Recently someone asked me to explain the speed behavior doing a calculation using a loop and array indexing vs. getting the subarray first.
Suppose I have a function of two inputs, the first input being the column (of a square array), the second, a scalar, and the output, a vector.
myfun = @(x,z) x'*x+z;
And even though this may be calculated in a fully vectorized manner, let's explore what happens when we work on subarrays from the array input.
I am now creating the input array x and the results output arrays for doing the calculation two ways, with an additional intermediate step in one of the methods.

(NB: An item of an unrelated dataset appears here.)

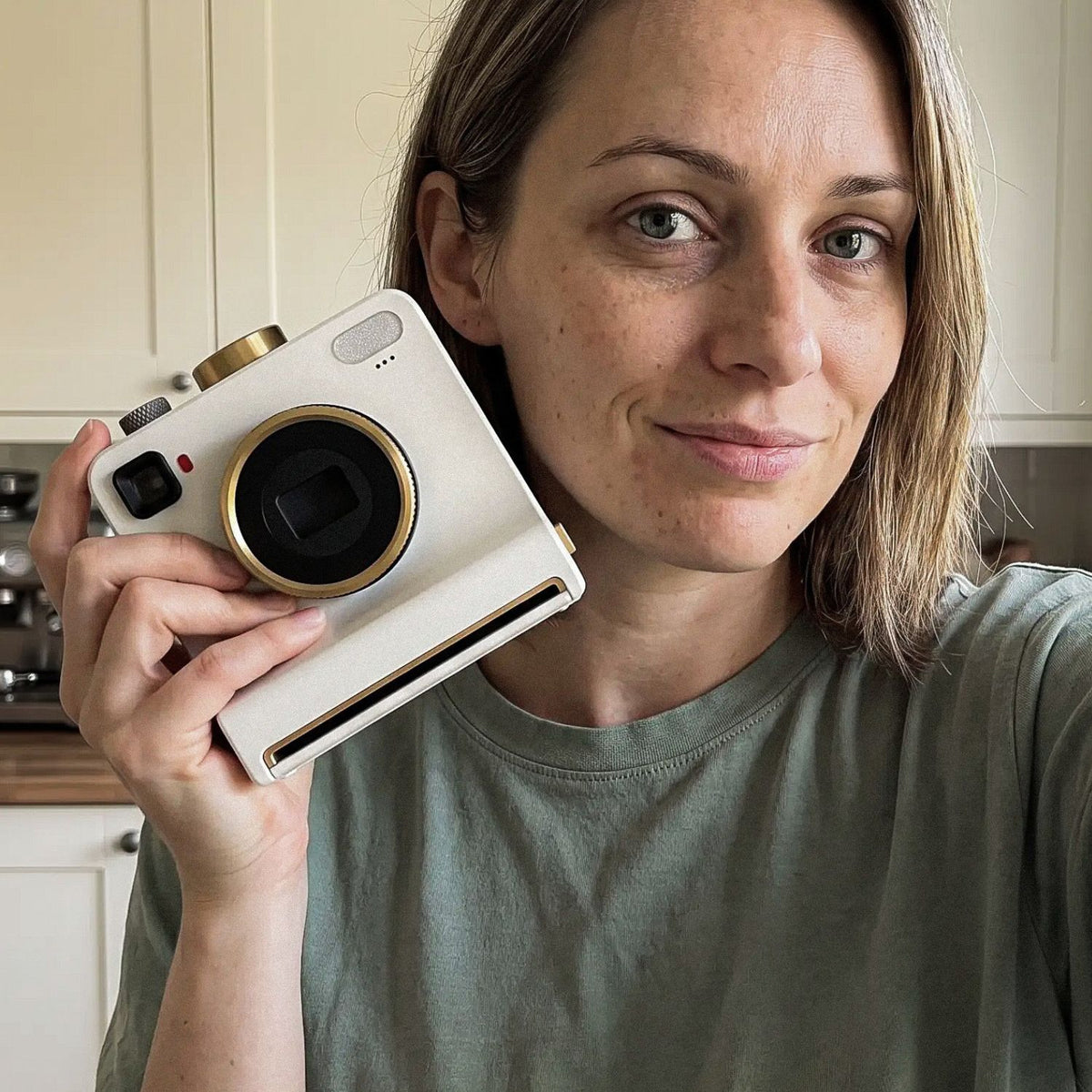 Mugsy: Coffee Art Camera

n = 500; x = randn(n,n); result1 = zeros(n,1); result2 = zeros(n,1);
Here we see and time the first method. In this one, we create a temporary array for x(:,k) n times through the outer loop.
tic for k = 1:n for z = 1:n result1(z) = myfun(x(:,k), z); end result1 = result1+x(:,k); end runtime(1) = toc;
In this method, we extract the column of interest first in the outer loop, and reuse that temporary array each time through the inner loop. Again we see and time the results.
tic for k = 1:n xt = x(:,k); for z = 1:n result2(z) = myfun(xt, z); end result2 = result2+x(:,k); end runtime(2) = toc;
First, let's make sure we get the same answer both ways. You can see that we do.
theSame = isequal(result1,result2)
theSame = 1
Next, let's compare the times. I want to remind you that doing timing from a script generally has more overhead than when the same code is run inside a function. We just want to see the relative behavior so we should get some insight from this exercise.
disp(['Run times are: ',num2str(runtime)])
Run times are: 2.3936 1.9558
Here's what's going on. In the first method, we create a temporary variable n times through the outer loop, even though that array is a constant for a fixed column. In the second method, we extract the relevant column once, and reuse it n times through the inner loop.
Be thoughtful if you do play around with this. Depending on the details of your function, if the calculations you do each time are large compared to the time to extract a column vector, you may not see much difference between the two methods. However, if the calculations are sufficiently short in duration, then the repeated creation of the temporary variable could add a tremendous amount of overhead to the calculation. In general, you should not be worse off always capturing the temporary array the fewest number of times possible.
Have you noticed similar timing "puzzles" when analyzing one of your algorithms? I'd love to hear more here.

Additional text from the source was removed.